Tacarcuna wood quail
- Conservation status: Least Concern (IUCN 3.1)

Scientific classification
- Kingdom: Animalia
- Phylum: Chordata
- Class: Aves
- Order: Galliformes
- Family: Odontophoridae
- Genus: Odontophorus
- Species: O. dialeucos
- Binomial name: Odontophorus dialeucos Wetmore, 1963

= Tacarcuna wood quail =

- Genus: Odontophorus (bird)
- Species: dialeucos
- Authority: Wetmore, 1963
- Conservation status: LC

Species of bird

The Tacarcuna wood quail (Odontophorus dialeucos) is a species of bird in the family Odontophoridae, the New World quail. It is found in Colombia and Panama.

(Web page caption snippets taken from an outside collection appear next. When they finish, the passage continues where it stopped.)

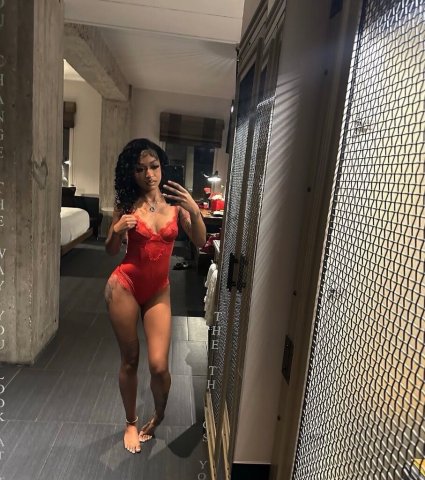 Upscale Gentlemen ONLY🍒Pretty & Petite Dom 💕 - 25 - 1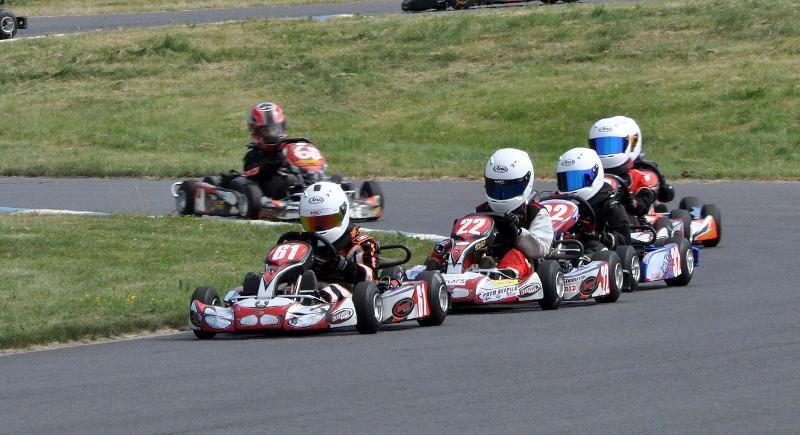grupo de jóvenes en una carrera de karts en el campamento multiaventura Asturias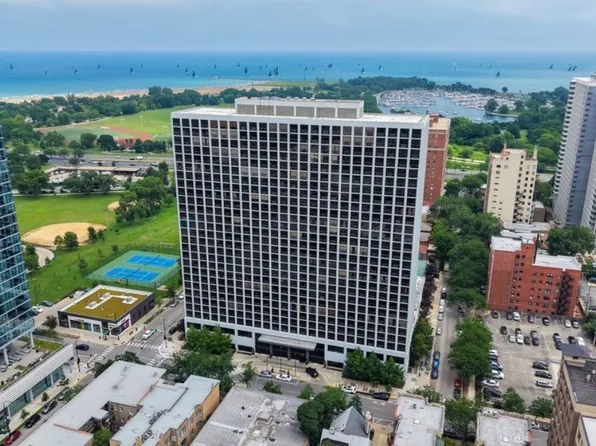 4343 N Clarendon Ave, Chicago, IL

==Taxonomy and systematics==

Some authors have suggested that the Tarcarcuna wood quail and gorgeted wood quail (Odontophorus strophium), Venezuelan wood quail (O. columbianus), black-fronted wood quail (O. atrifons), and black-breasted wood quail (O. lecuolaemus) are actually a single species, but this treatment has not been accepted by the major avian taxonomic systems. The species is monotypic.

==Description==

The Tacarcuna wood quail is 22 to 28 cm long. Males are estimated to weigh 264 g and females 258 g. Males' crown and throat are black and the supercilium, lores, and chin are white. The sides and back of the neck are cinnamon. The back and rump are olive brown with black vermiculation and the breast and belly are chestnut speckled with white. Females are similar but their underparts are more tawny brown. Juveniles are similar to the female but the white of the chin is smaller and the black of the throat broader.

==Distribution and habitat==

The Tacarcuna wood quail is found along the Tacarcuna Ridge in Panama's Darién Province and Colombia's Chocó Department. It inhabits the floor of the subtropical forest at elevations between 1050 and 1450 m.

==Behavior==
===Feeding===

No information about the Tacarcuna wood quail's foraging behavior or diet has been published.

===Breeding===

A juvenile Tacarcuna wood quail was collected in early June but no other information about the species' breeding phenology has been published.

===Vocalization===

The Tacarcuna wood quail's vocalizations are poorly known.

==Status==

The IUCN originally assessed the Tacarcuna wood quail as Near Threatened, and as Vulnerable between 2000–2021. Currently, it is assessed as Least Concern because, while it has a small population and range – 490 km2 – the population appears to be stable.